Buc-ee’s didn’t just build a bathroom. They built an example of operational excellence.
Case Study #2: The Sketchy Gas Station Bathroom
Many gas stations treat the bathroom as a liability to be managed, not a service to be provided. These are the bathrooms you only go to because you absolutely have to. They are dirty, may be out of supplies, smelly, and you’re just hoping to come out of the experience as disease-free as you were when you entered. Here are some things it can also say about the business:
- Uninviting: When you have to ask a teenager behind a bulletproof glass window for a key attached to a 5-pound piece of scrap metal, it definitely doesn’t come across as inviting. What they fail to realize is that it also doesn’t invite me to make any other purchases.
- Neglected maintenance: A flickering fluorescent light, unstacked supplies, or a door that doesn’t quite lock signal that the business does not care about maintenance. Sure, it’s “just the bathroom,” but neglect is rarely contained to one room. If they’ve stopped caring about the lightbulbs you can see, what else is being neglected behind the scenes? Can you really trust they’re checking the expiration dates on the things you’re about to eat?
- Single-ply experience: If a business is trying to save $0.002 per visitor by using translucent toilet paper, you have to wonder where else they are cutting corners. Are they also skimping on safety protocols? Fresh ingredients? Proper training? If they are willing to save a few cents on two-ply or a functional latch, you can bet they are looking for ways to cut corners on your experience, too.
What Makes a Good Bathroom/Business?
Failing to invest in things that can make an experience better for the customer signals that money is the only bottom line.

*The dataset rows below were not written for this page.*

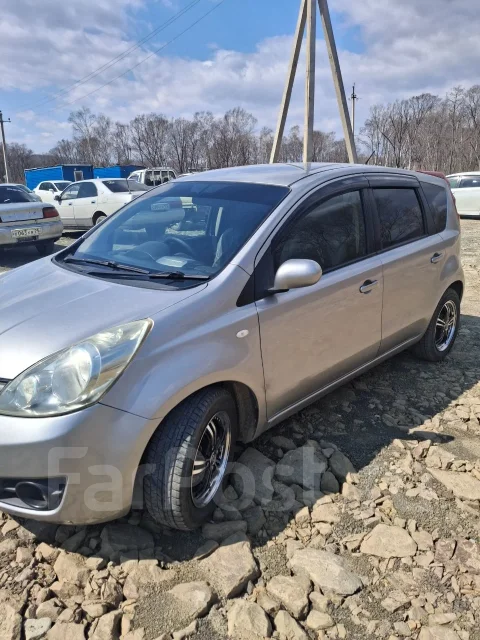 Nissan Note. ��������, ��������, 1.5 (109��.�.), ������, 230 000����. �� ����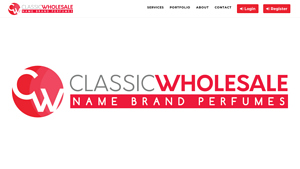 Classic Wholesale - fragrances supplier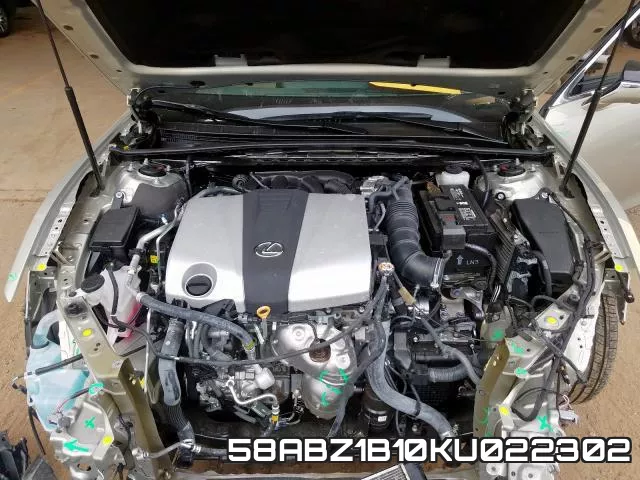58ABZ1B10KU022302 фото 8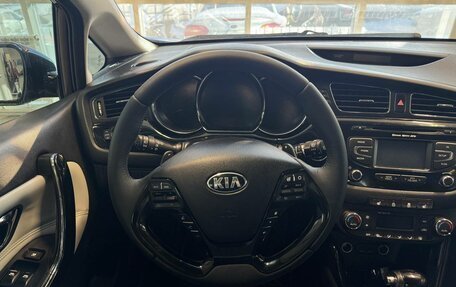 KIA cee'd III, 2013 год, 1 097 000 рублей, 7 фотография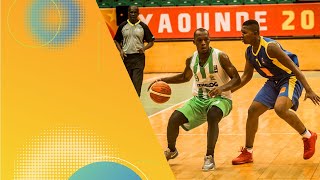 Manga Basketball v AS Police - Africa Champions Clubs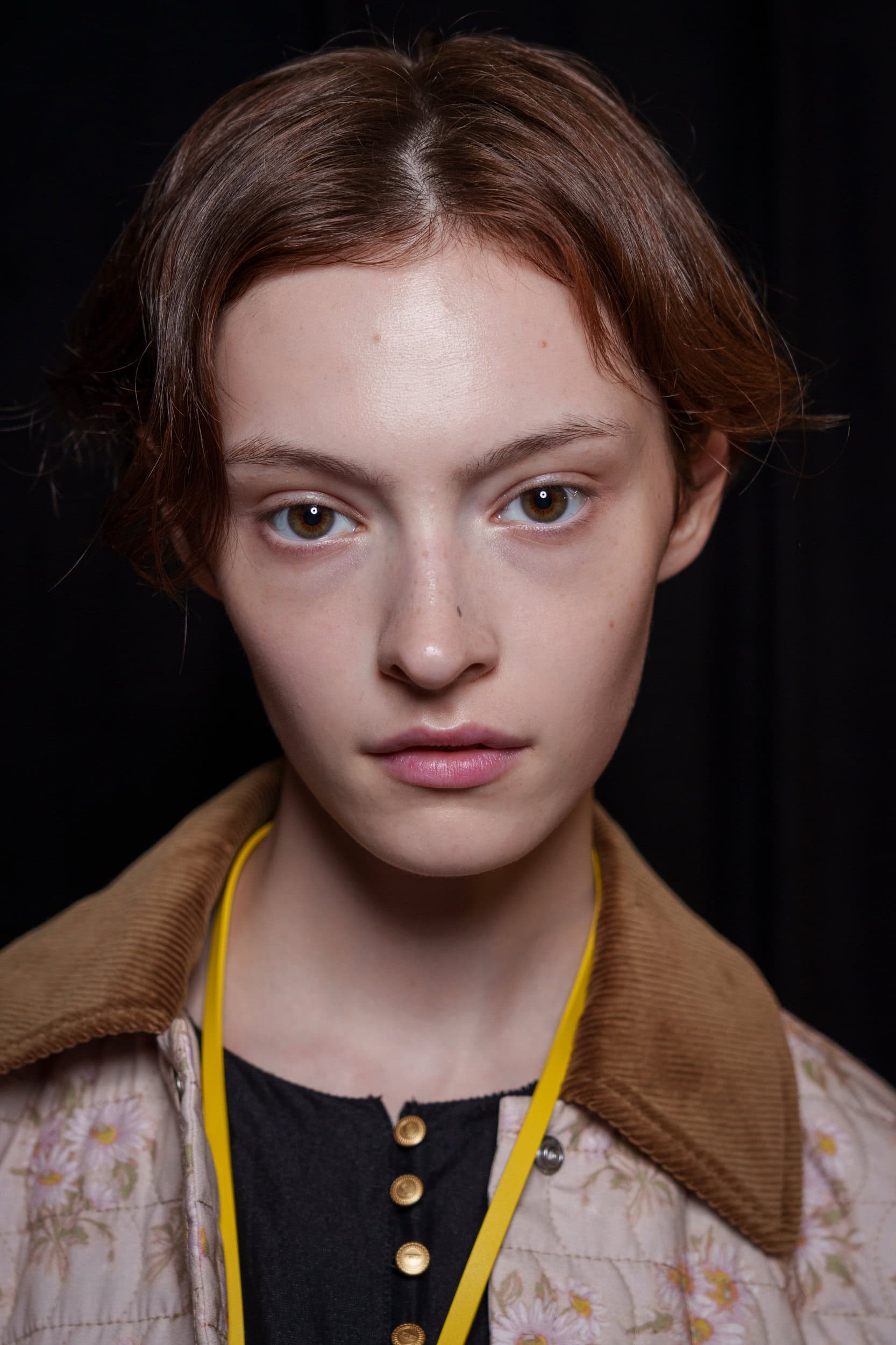 Onitsuka Tiger Spring 2026 Fashion Show Backstage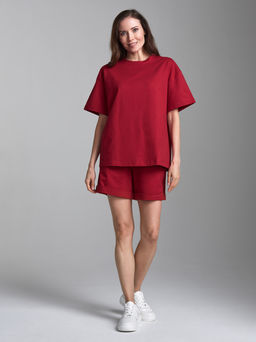 Спортивный костюм женский 11L-RR-1702 RED-N-ROCKS - Addic фото 2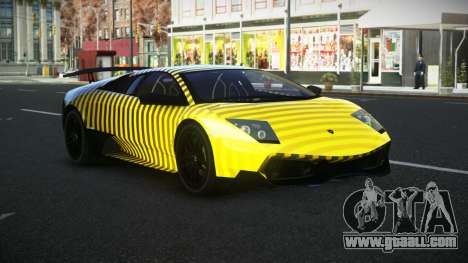 Lamborghini Murcielago Tosyd S14 for GTA 4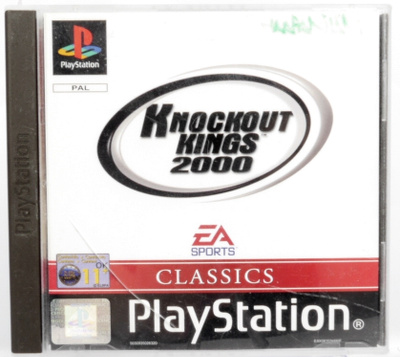 Knockout Kings 2000 (Classics)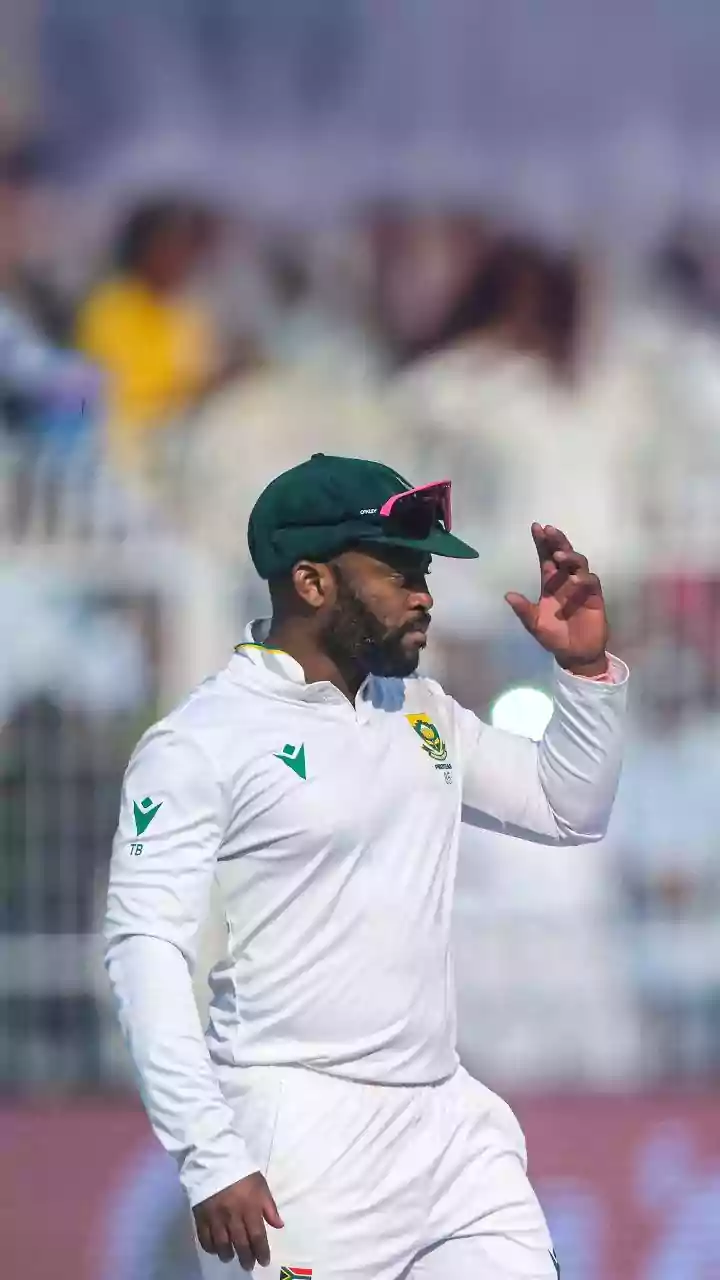 Temba Bavuma suffers first defeat as SA's Test captain: Stats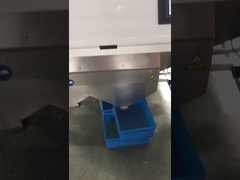 8トン/時 産業用カラーソーター / PETプラスチック選別機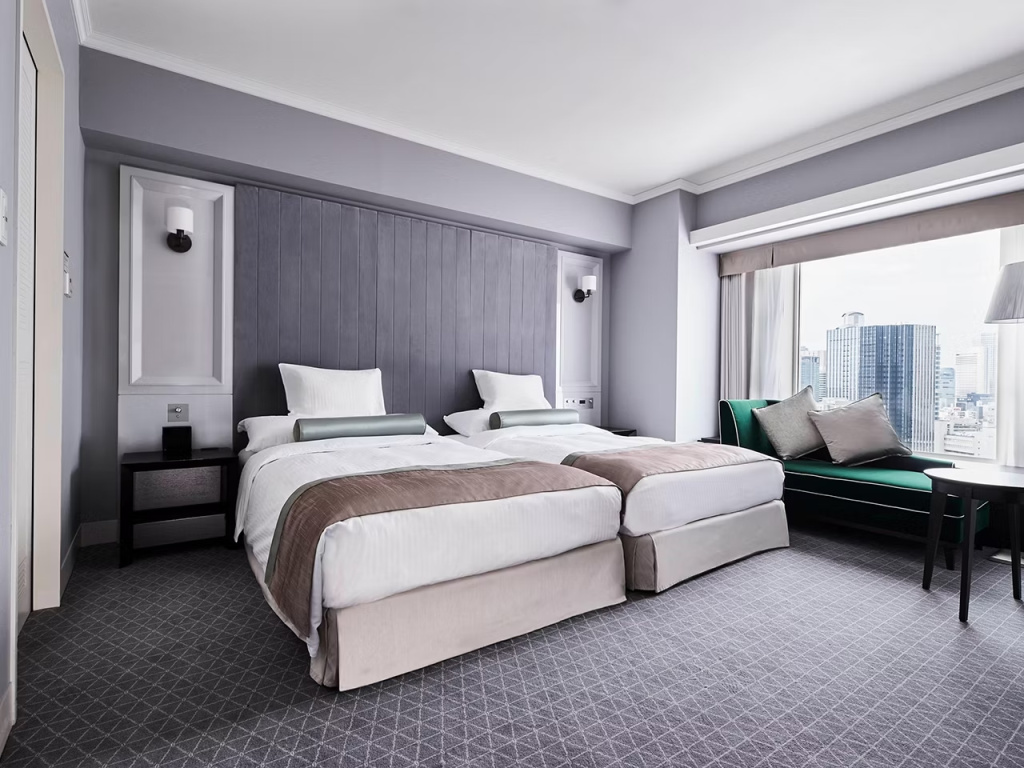 RIHGA Royal Hotel Osaka, Vignette Collection by IHG 사진 29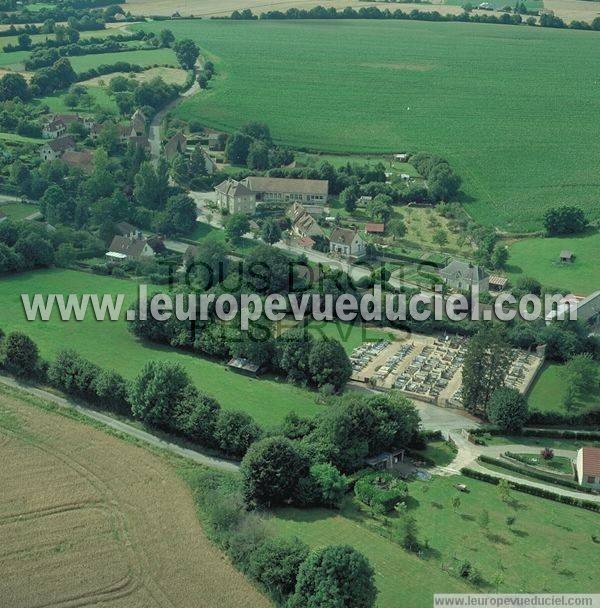 Photo aérienne de Condeau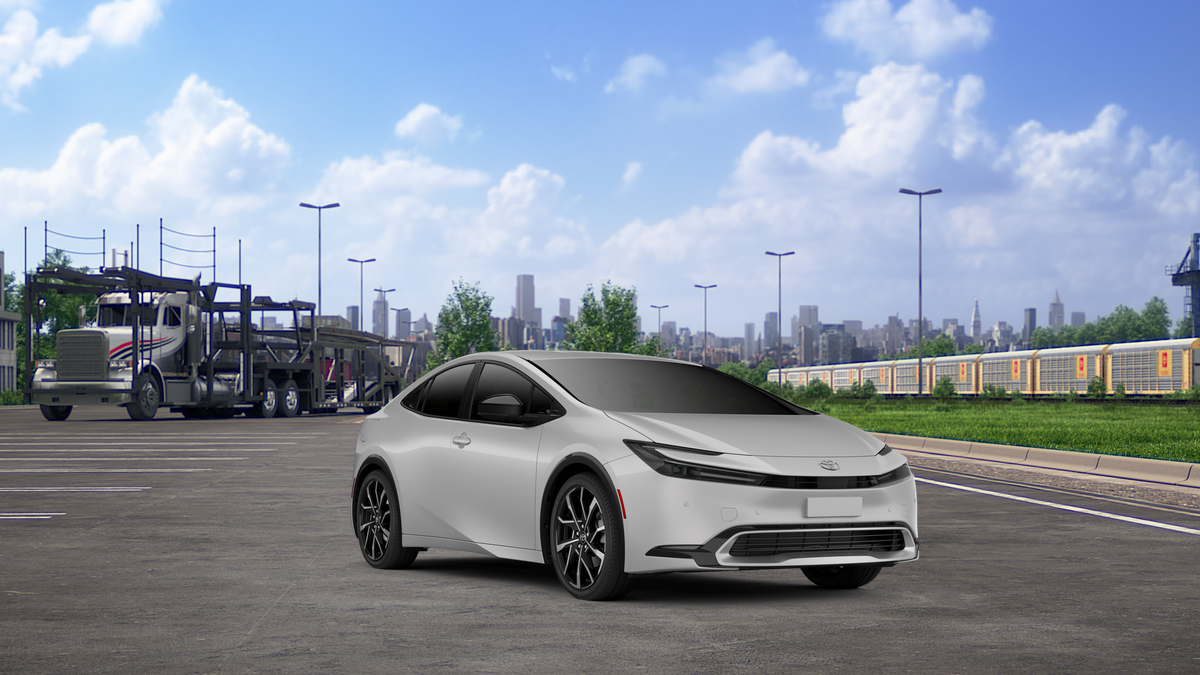 2026 Toyota Prius Plug-in Hybrid XSE photo 15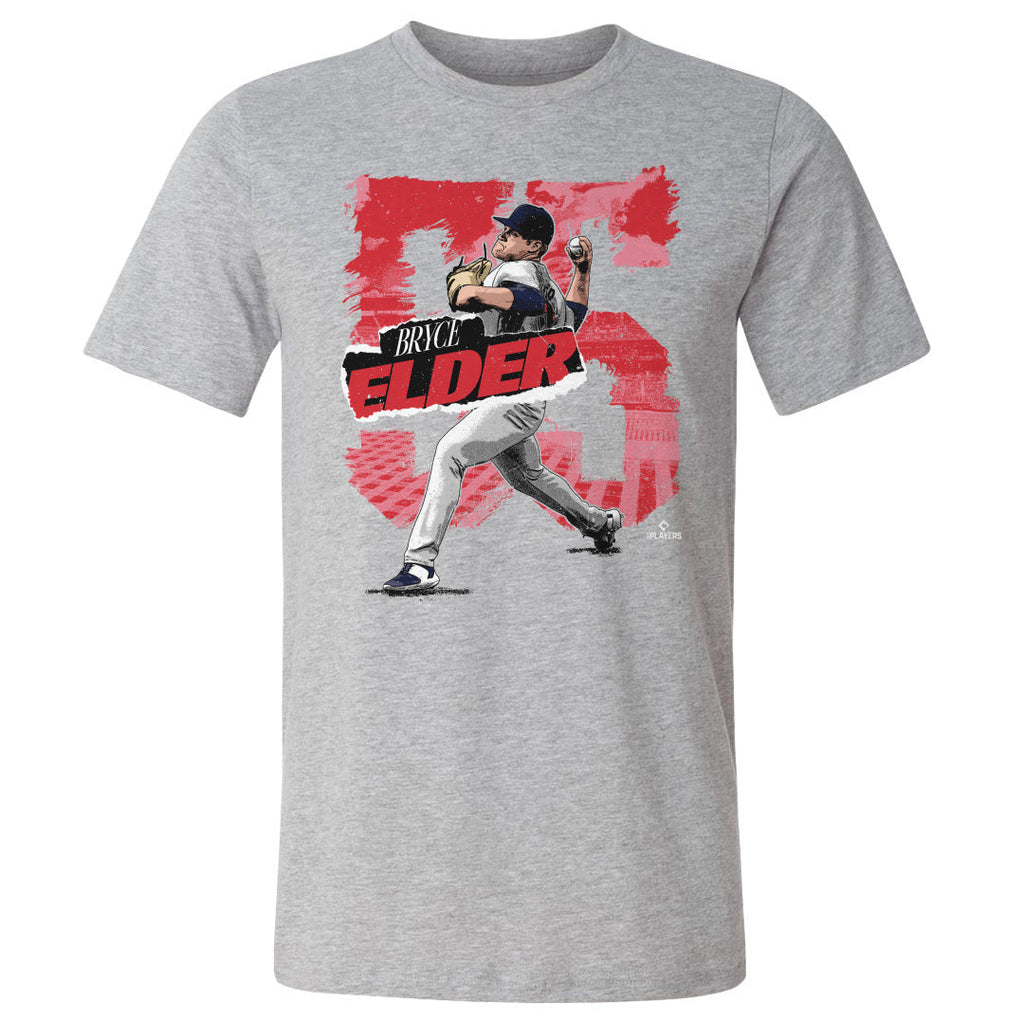 Bryce Elder Atlanta Rough WHT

But here’s the irony: the businesses that treat the bathroom like an afterthought usually end up losing the very thing they’re chasing. When a customer walks out of a neglected restroom, they aren’t just thinking about the soap; they’re recalculating the value of the entire brand.
And this is why I think bathroom theory works. It’s not just about the bathrooms, but any part of a business that may be overlooked because the leaders don’t see it as a core part of their business. It could instead be the janky website that hasn’t been updated in a decade. Perhaps it’s a lack of transparent pricing. Or maybe it actually is the furniture in the lobby. But these are all things your customers see and relate back to your business. In the end, a business that doesn’t respect the small, unglamorous needs of its customers doesn’t actually respect the customer. When a company excels at something they could easily ignore, they are revealing their true character.